カントリーガールズの各メンバーの未来とももちイズムについて

  光の当たっているところの後ろには常に影があり、そしてその影に隠れていることのほうが、光の当たっている所よりは多い。そして光の部分だけ見ていては、物事の本当の姿は見えてこない。だから見えている部分同士を関係付けながら、影を推測しつつ、その全体像を構成しようとする。これが読むということだ。

 

 カントリーガールズは波乱万丈、紆余曲折がありすぎた。それが誰のどの程度の意図や偶然性によって生じたのかはわからないが、大きな節目は3回あったのではないかと考える。

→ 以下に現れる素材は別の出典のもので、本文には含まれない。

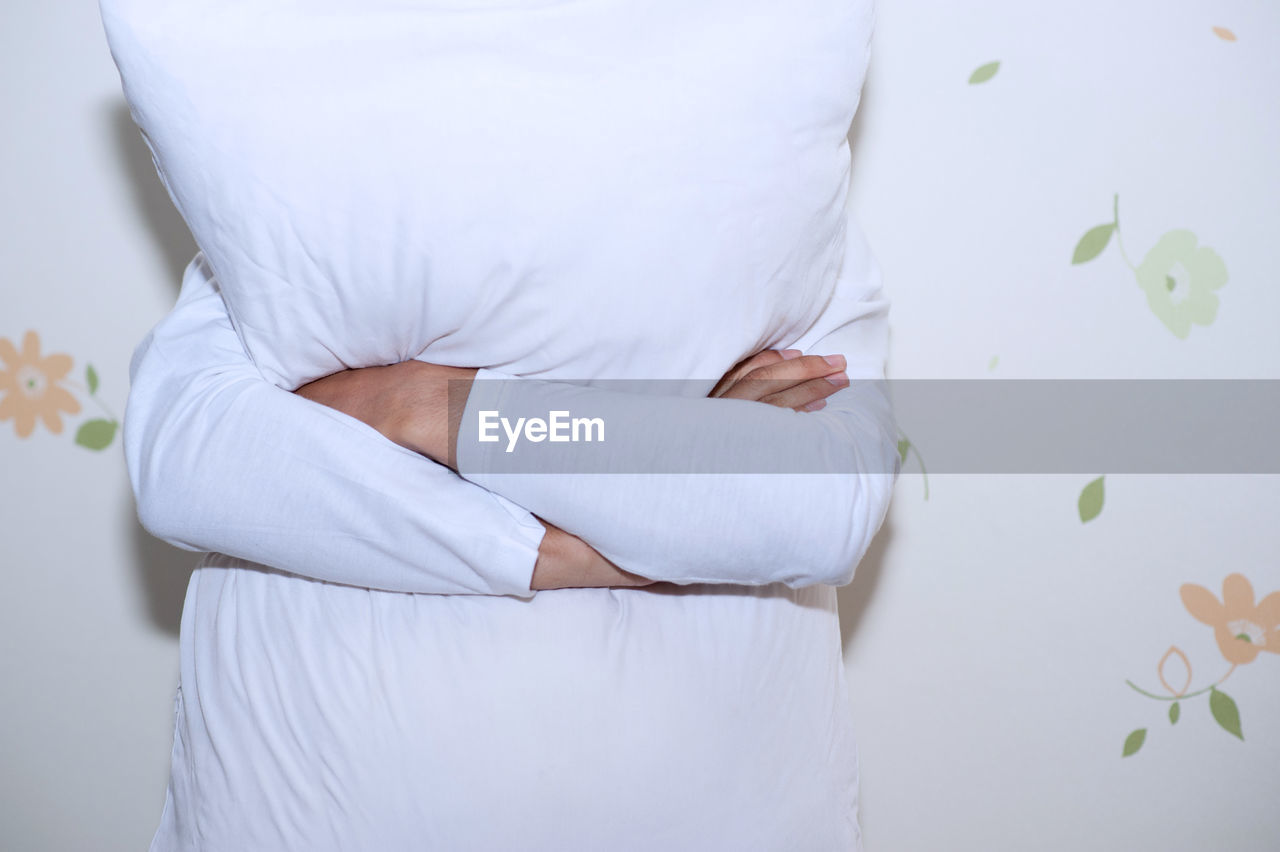 Midsection of woman holding pillow while standing against wall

 1番目がまなかんの休業から卒業、2番目がももちの卒業、そしてやなみんの卒業である。

まなかんの卒業では、嬉唄ちゃんの代わりにやなふなが入るような形での、新メンバー加入がなかった。そしてももちの卒業を機に兼任制となった。そしてやなみんの卒業で4人となり、スマイレージの初期を除けば、この人数に減少した上で、グループを継続する形は存在していなかった。

 

 こう考えると、まなかんの卒業の意味がいかに大きかったかということがわかる。おそらく彼女の卒業を契機に、スポンサーが降り、グループの縮小、解消への方針が定まったと考えられる。

 

 そしてももちの卒業は織り込み済みであったということを考えれば、兼任制あるいはカントリー専属は、5人が今後ハロプロや芸能界でどう生きていくかを考えさせる期間であったと考えることができる。言い換えるなら、ももち卒業から今までの期間は、事務所がグループ解消までの間に、5人に自立能力(新グループでの定着を含めて)を高めさせるための猶予期間として、事務所に用意されていたのかもしれない。

 つまり、兼任組はその新グループに溶け込むかもしくは自立の方向、そして残留組は学業を全うさせつつ新しい方向へと進んでいくための準備をさせる方向として、この2年間が与えられていたということである。

 そう考えれば最後の1年としての今年でやなみんを含め、全員の進路が確定するということは不自然なことではなくなる。また、山木さんがカレッジコスモス兼任といった、前代未聞な、別の事務所のグループに参加するといったことなどが生じたことも理解できる。

 

 そして、カントリーガールズ5人の進路は、全員異なる形になった。芸能界引退組が2人。山木さんは大卒で就職し、やなみんは大学を目指し、そこで学んだことで生きてゆく。芸能界休止組が1人で、ふなっきはダンスの勉強をして、その方面で頑張る。芸能界に残るのは2人。ちいちゃんはモーニング娘。で活動し、おぜこはハロプロの外で芸能活動を続ける。

 

 考えてみれば見事に進路が分かれた。この自立性こそがももちイズムといってもよいかもしれない。カントリーガールズは解散後の方向まで、ももちの精神を受け継いでいた。まったくもって見事な弟子たちであった。

 

 追伸 

原因不明だが、今までの「soramiの囁き」のブログが書き込みができなくなったので、こちらのブログで、今後は記事を上げていきたい。